Collected data:
.....

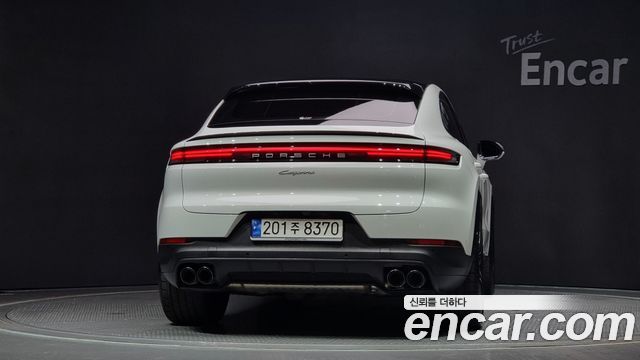 Porsche Cayenne 2023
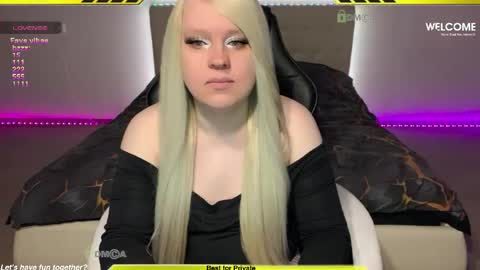 Miley online show from April 21, 11:50 am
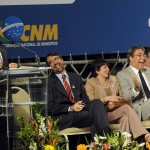 Governo e Caixa assinam protocolo para a gestão do lixo no agreste - Déda e a presidente da Caixa assinam o protocolo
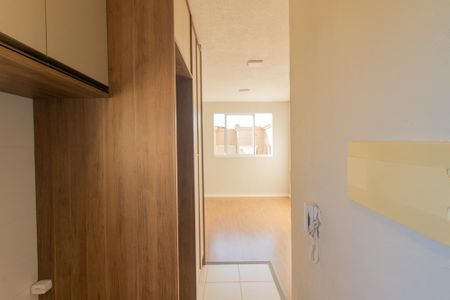 Apartamento para alugar com 38m², 2 quartos e 1 vaga Apartamento para alugar com 38m², 2 quartos e 1 vagaCozinha e Área de Serviço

.....

What you are asked to do:
Return all of the lines above without alteration, minus the pictures.

Answer for the task:
 Porsche Cayenne 2023
 Miley online show from April 21, 11:50 am
 Governo e Caixa assinam protocolo para a gestão do lixo no agreste - Déda e a presidente da Caixa assinam o protocolo
 Apartamento para alugar com 38m², 2 quartos e 1 vaga Apartamento para alugar com 38m², 2 quartos e 1 vagaCozinha e Área de Serviço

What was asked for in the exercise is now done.